This is an accompanying repository that contains evaluation scripts used by the evaluation leaderboards in SloBENCH tool - https://slobench.cjvt.si.
SloBENCH tool expects a user to upload a submission.zip
file that contains contents according to the rules of a specific leaderboard.
Note: Zip file must not contain any other files, not expected by the system (e.g., __MACOSX). To be sure your submission is sound, you may use zip command from command line - for example:
zip submission.zip ./*.txt
Uploaded submission file is automatically extracted along with the reference_dataset.zip
file.
The run.py
script unzips the ground truth data into the /data-reference
path and the submitted data into /data-submission
.
Then it runs the task's corresponding eval.py
evaluation script, which compares the contents of the previously mentioned paths and returns a dictionary of metricName:metricScore pairs, for example:
{
'overall': 88.2,
'metric1': 100.0,
'metric2': 32.1,
'metric3': 123.33
}
Script run.py
returns evaluation results (or possibly an error) along with some running metadata into a Task Submission Evaluation Object, which is passed to the SloBENCH Web Server.

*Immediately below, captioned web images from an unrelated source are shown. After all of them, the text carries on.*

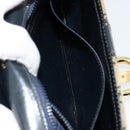 GUCCI GG Canvas Schoudertas Beige Marineblauw Goud Auth 92734-11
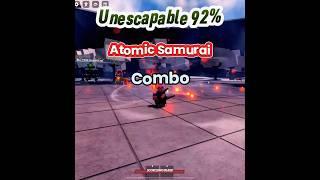 Unescapable 92-0 Atomic Samurai Combo || The Strongest Battlegrounds #thestrongestbattlegrounds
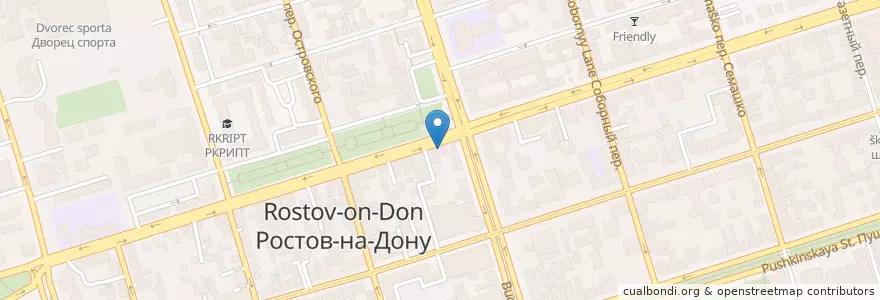 Mapa de ubicacion de ВТБ en Rusia, Южный Федеральный Округ, Óblast De Rostov, Городской Округ Ростов-На-Дону.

Each evaluation script is packaged into its own container - see specific Dockerfiles for your target leaderboard.
When a new task evaluation script gets added to this repo, the a docker container gets composed and pushed to the slobench/eval:[TASK-NAME]
docker repo.
Build docker image from root directory of this repository, cloned to your machine, as follows:
docker buildx build --platform linux/amd64 -t eval:TASK_NAME -f evaluation_scripts/TASK_NAME/Dockerfile .
Test your evaluation as follows:
docker run -it --name eval-container --rm \
-v $PWD/DATA_WITH_LABELS.zip:/ground_truth.zip \
-v $PWD/YOUR_SYSTEM_OUTPUT_DATA.zip:/submission.zip \
eval:TASK_NAME ground_truth.zip submission.zip
Change TASK-NAME accordingly and provide paths to your samples of ground truth/reference data (i.e., DATA_WITH_LABELS.zip) and your system output (i.e., YOUR_SYSTEM_OUTPUT_DATA.zip) for the reference data.
For more information check README file of selected leaderboard.
This repository is accompanied with DockerHub repository https://hub.docker.com/r/slobench/eval. Images are pushed from local builds using the following commands:
docker login
docker tag eval:eval_TASK-NAME slobench/eval:TASK-NAME_VERSION
docker push slobench/eval:TASK-NAME_VERSION
This repository supports the following tasks:
- eval_question_answering: Evaluation of selected SuperGLUE-like QA tasks.
- eval_sequence_tagging_conllu: General CONLLU-based evaluation tasks.
- eval_sequence_tagging_tab: General sequence labelling evaluation tasks.
- eval_conll2002: CoNLL 2002 NER evaluation.
- eval_summarization: Text summarization evaluation.
- eval_translation_en: Machine translation evaluation (English target).
- eval_translation_sl: Machine translation evaluation (Slovene target).
- eval_sequence_pair_classification: Sequence pair classification evaluation.
- eval_speech_recognition: Automated speech recognition evaluation.